キミの瞳に恋してる ~運命の人は鬼上司!?~


そうなんだ。女は、攻撃対象が男に庇われれば、余計に面白くなくて余計に攻撃的になる。

おばさんも中学生も、女という生き物は変わらないみたい。


「もう、今夜は暴飲暴食する!」


私にできるのは攻撃をスルーするということだけ。

ストレスが溜まるけど、仕方ない。風化するのを待とう。


「うんうん、ここはピザやパスタも美味しいよ」

「じゃあ、それ!ワインも飲んじゃおうかな」

「おう!飲もう飲もう!」


そうして長井くんがお友達店員さんに適当にオーダーしてくれた料理やお酒を、どんどんお腹に入れていった。

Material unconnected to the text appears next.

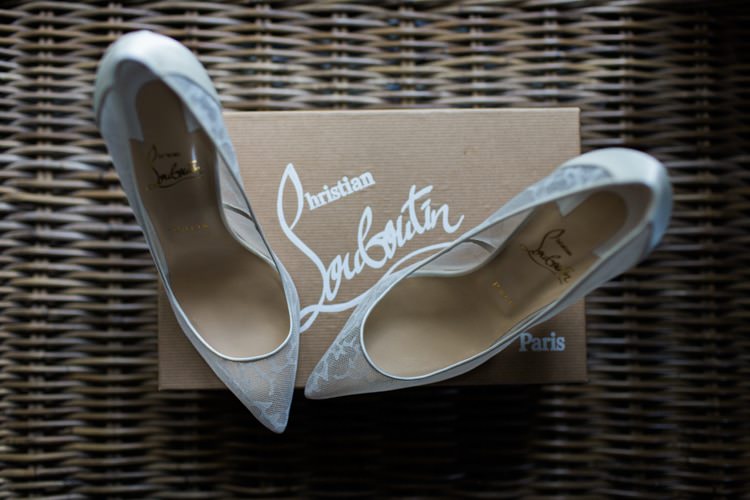 Christian Louboutins Heels Shoes Bride Bridal Relaxed Budget Friendly Village Hall Wedding http://www.lisadawn.co.uk/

変な噂を立てられたことにも腹が立つけど、自分にも腹が立っていた。


今は長井くんと一緒にいるのに、気づけば俊のことばかり考えている。


彼は適当なモールの中のレストランや、汚い焼肉屋にしか連れていってくれない。

仕事終わりに待ち伏せして驚かせてくれたこともない。

何より、辛いときにこうして傍にいてくれない……。


被害者ぶるのはいけないことだって、わかっている。

私はただ、きっと、寂しいだけ。

どうして彼氏のはずの俊がこんなに遠くて、長井くんの方が近い存在に感じられるんだろう。